Client 2A Sun Enterprise 6500 with twelve 400 MHz UltraSPARC II processors using Sun Gigabit™ Ethernet adapters P2.0 hardware
Client 3A Sun Enterprise 4500 server with eight 400 MHz UltraSparc II processors using Sun Gigabit Ethernet adapters P2.0 hardware
Client 4A Sun Enterprise 4500 server with eight 400 MHz UltraSparc II processors using Sun Gigabit Ethernet adapters P2.0 hardware
Client 5A Sun Enterprise 450 server with four 400 MHz UltraSparc II processors using Sun™ Gigabit Ethernet adapters P2.0 hardware
All of the gigabit Ethernet cards on client machines use the 66 MHz PCI bus interface. Solaris 8 OE Release 02/02 is running on all of the client machines. Clients are connected to the server using a gigabit switch. MC-Netperf v0.6.1  developed internally is used to generate the workload. MC-Netperf extends the publicly available Netperf  to handle synchronous multiconnection measurements using multicast-based synchronization. Two types of experiments were conducted:
Single-connection test. The second domain of Sun Fire 6800 (Client 1) is used as the client.
10-connection test. Each of the five clients drive two connections.
Runs of 10 minutes are carried out to obtain the numbers discussed in the following section.
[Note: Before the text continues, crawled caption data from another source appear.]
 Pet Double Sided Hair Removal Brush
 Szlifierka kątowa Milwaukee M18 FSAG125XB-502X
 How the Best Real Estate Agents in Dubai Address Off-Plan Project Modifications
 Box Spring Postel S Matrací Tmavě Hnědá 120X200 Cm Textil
Getting an Appropriate Window Size
As described in "Bulk Transfer Traffic Performance" in a switch-based LAN the size of the TCP receive window determines the amount of unacknowledged data the pipe can hold at any given time. The bandwidth delay product determines the pipe size. Since the bandwidth is known to be one Gbps, and the minimal latency is calculated to be 70 to 150 microseconds in "Gigabit Ethernet Latency on a Sun Fire 6800 Server," a pipe must hold at least 1000000000 * 0.000150/8 = 18,750 bytes in transit to achieve one gigabit per second (or 964 Mbps excluding Ethernet, IP, and TCP headers) for packets with a 1,460-byte payload. However, whether or not this 964 Mbps number can be achieved depends on a lot of other factors, and the issue of the receive window size is definitely one of the first that needs to be addressed.
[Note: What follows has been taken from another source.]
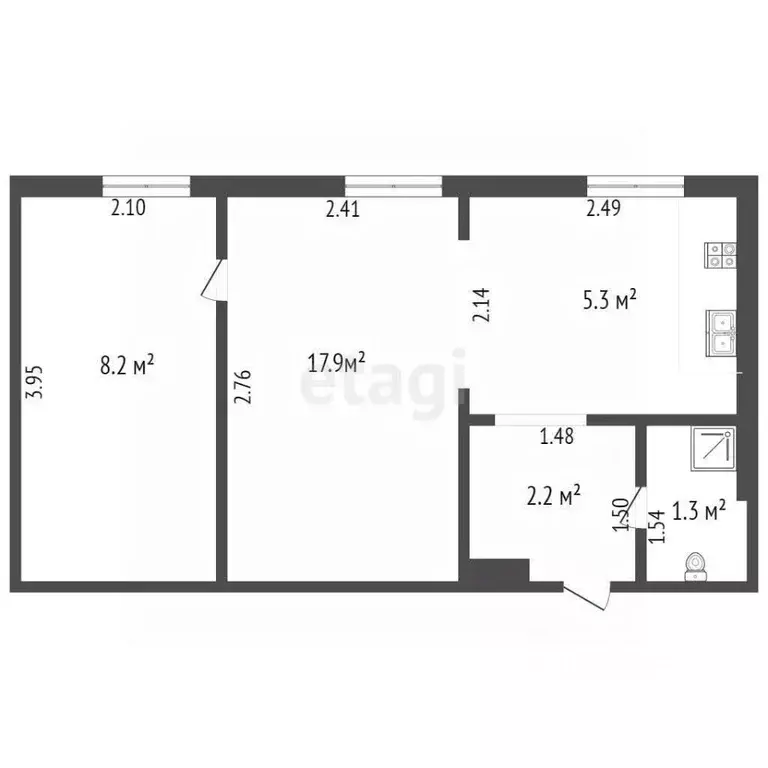 2-к кв. Калининградская область, Светловский городской округ, пос. ... - Фото 2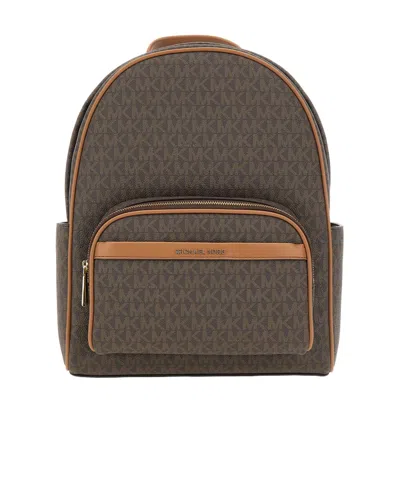 Michael Michael Kors Logo-lettering Backpack In Brown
TCP Receive Window Tuning Parameters
When a TCP connection is established, both parties advertise the maximum receive window. The current receive window, which is the actual receive window during the middle of a transmission, is adjusted dynamically based on the receiver's capability. The current send window, although initially small to avoid congestion, ramps up to match the current receive window after the slow start process  if the system is tuned properly. A few parameters should be considered in the tuning process. These parameters are considered for the transmit side:
tcp_xmit_hiwatThis parameter is the high watermark for transmission flow control, tunable by using the ndd command. When the amount of unsent data reaches this level, no more data from the application layer is accepted until the amount drops to below the tcp_xmit_lowat (also tunable by using the ndd command). The default value for this parameter is 24,576 in Solaris 8 OE.
Sending socket buffer sizeThe sending socket buffer is where the application puts data for the kernel to transmit. The size of the socket buffer determines the maximum amount of data the kernel and the application can exchange in each attempt.
For the reception side, these parameters are considered:
tcp_recv_hiwatThe is the high watermark for reception flow control, tunable by using the ndd command. When the application starts to lag behind in reading the data, data starts accumulating in the streamhead. When TCP detects this situation, it starts reducing the TCP receive window by the amount of incoming data on each incoming TCP segment. This process continues until the amount of accumulated data drops to below tcp_xmit_lowat (also tunable by using the ndd command). The default value for this parameter is 24,576 in Solaris 8 OE4.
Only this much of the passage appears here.